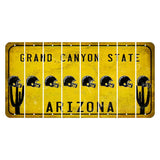 Arizona Yellow Cut License Plate Strips (Set of 8) Football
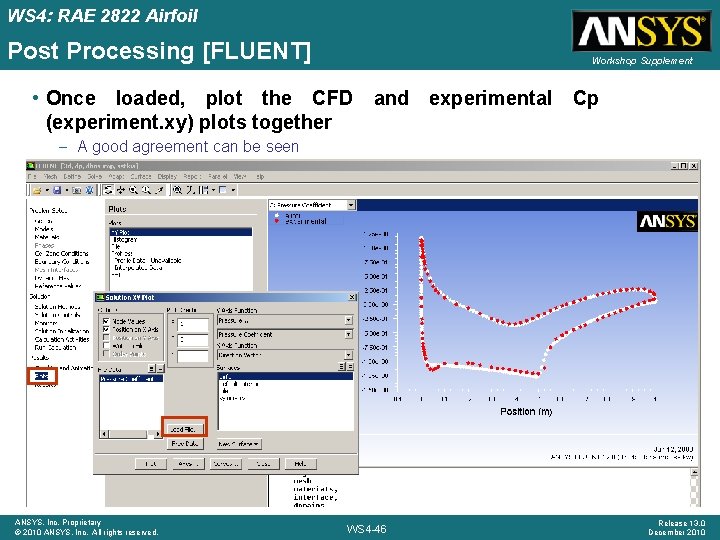 WS 4: RAE 2822 Airfoil Post Processing [FLUENT] Workshop Supplement • Once loaded, plot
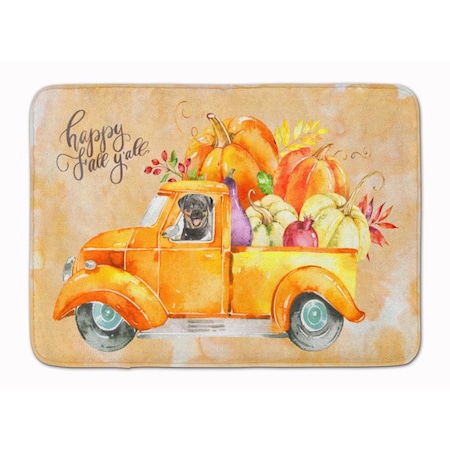Carolines Treasures Fall Harvest Rottweiler Machine Washable Memory Foam Mat CK2629RUG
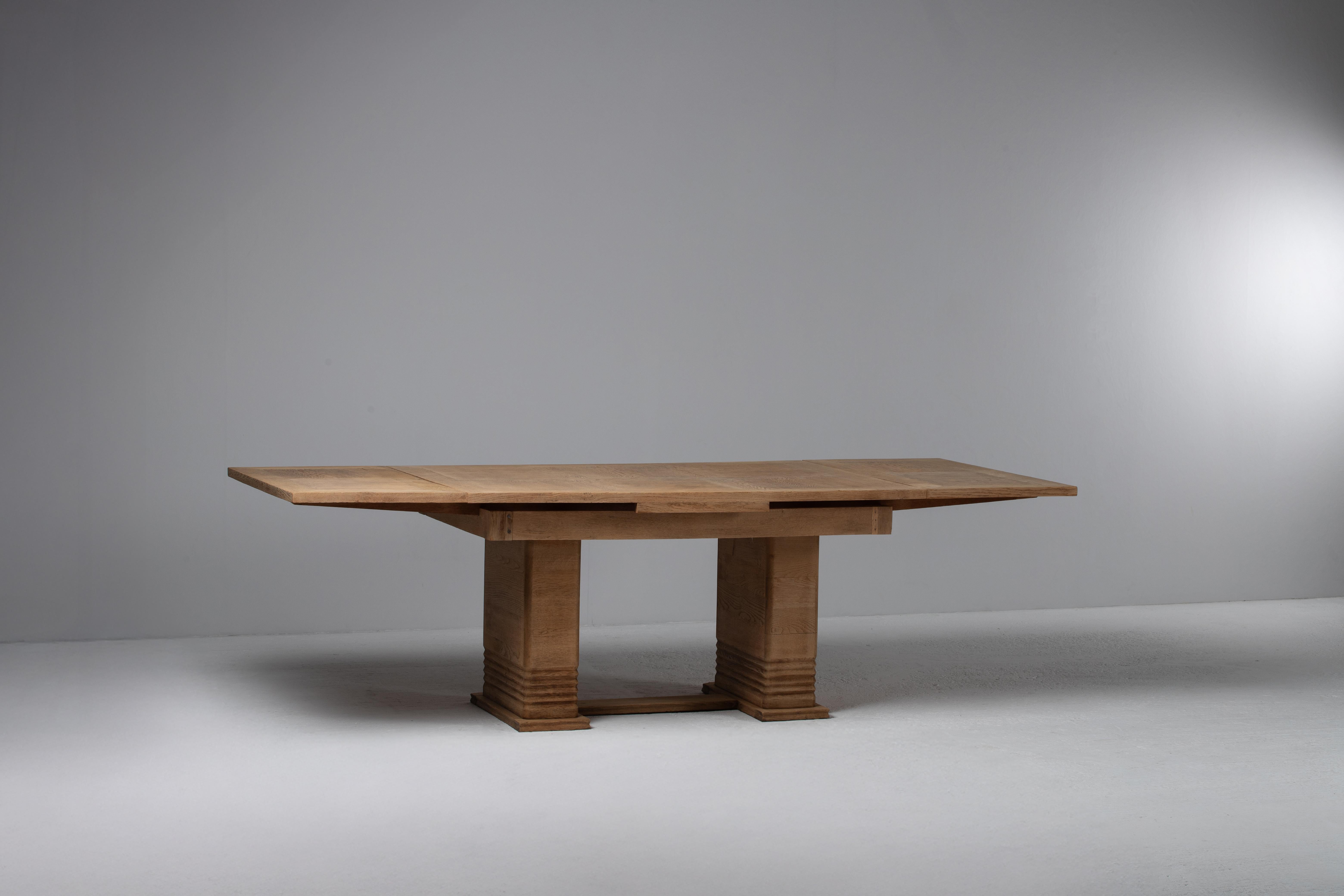 Brutalisme Architectural Oak Dining Table with Parquet Top, France, 1950s en vente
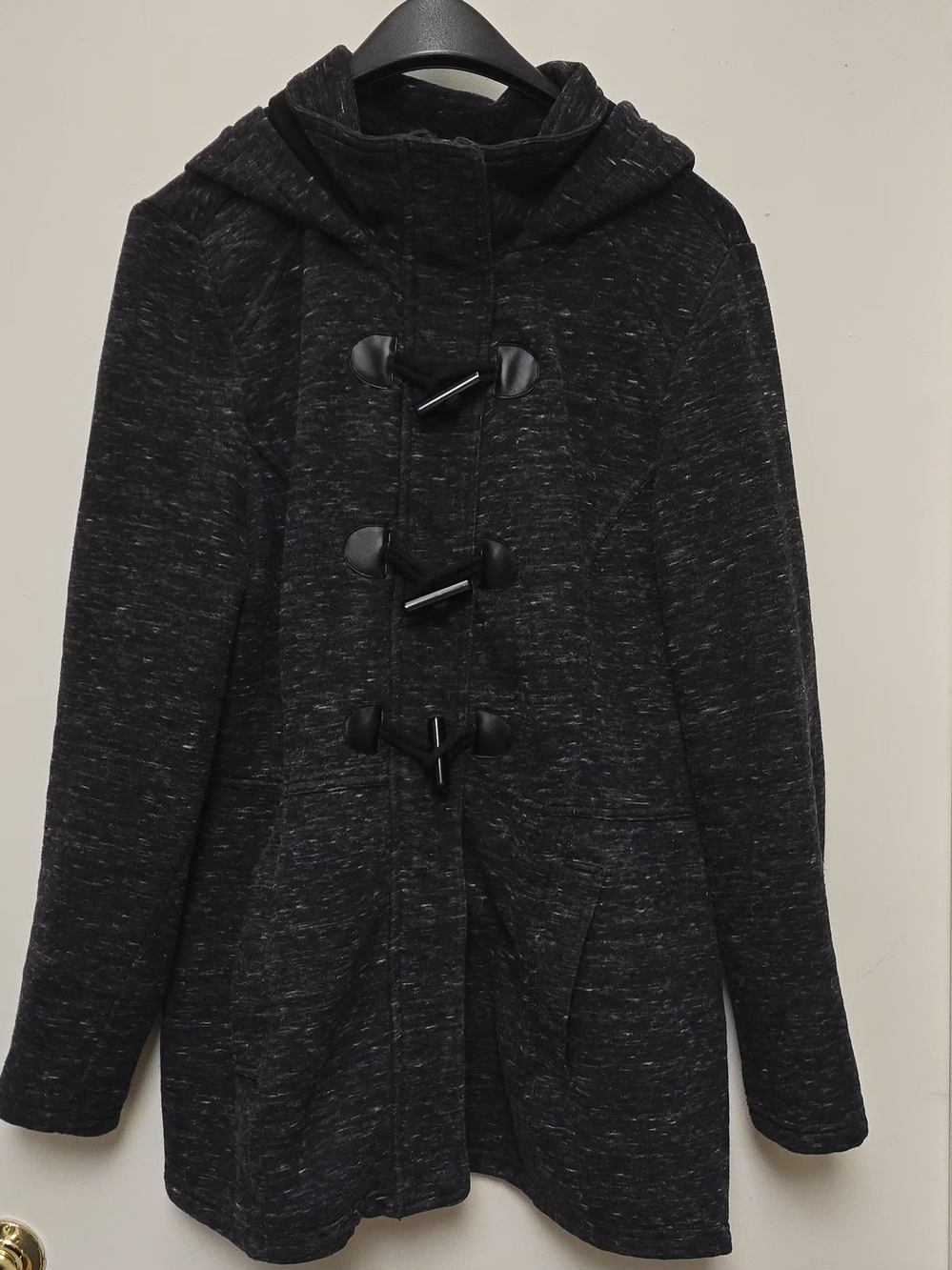 Sebby Collection Charcoal Black Marled Fleece Hooded Toggle Jacket Size XXL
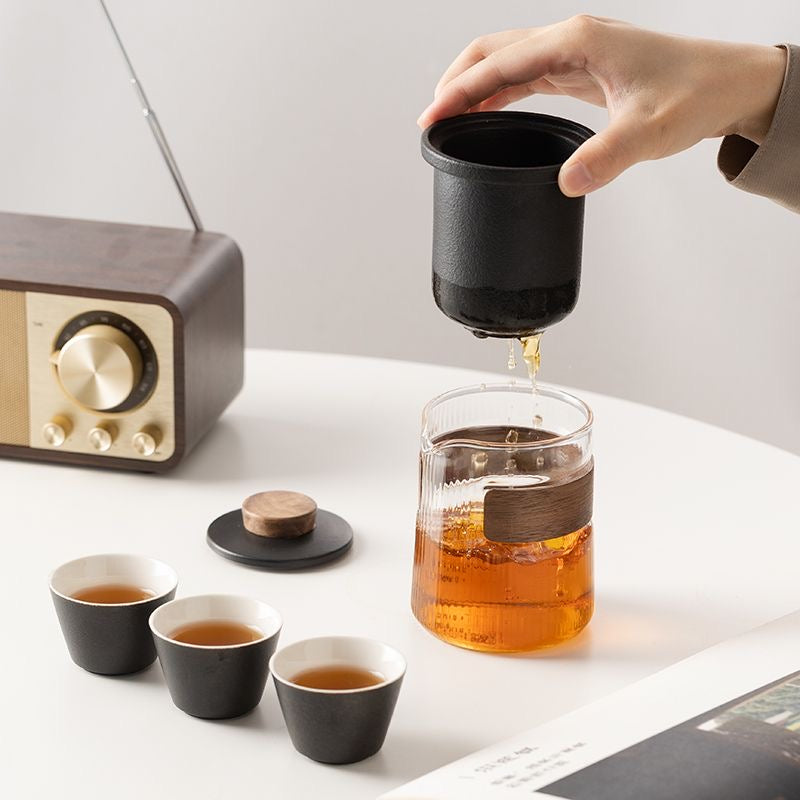 Mivoraa 2-in-1 Minimalist Portable Travel Glass Tea & Coffee Set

> Instructions for the task
All lines from the one with "Sebby Collection Charcoal" through the end of the records above must be reproduced exactly, both ends included, and the pictures must be left out.

> Task solution
 Sebby Collection Charcoal Black Marled Fleece Hooded Toggle Jacket Size XXL
 Mivoraa 2-in-1 Minimalist Portable Travel Glass Tea & Coffee Set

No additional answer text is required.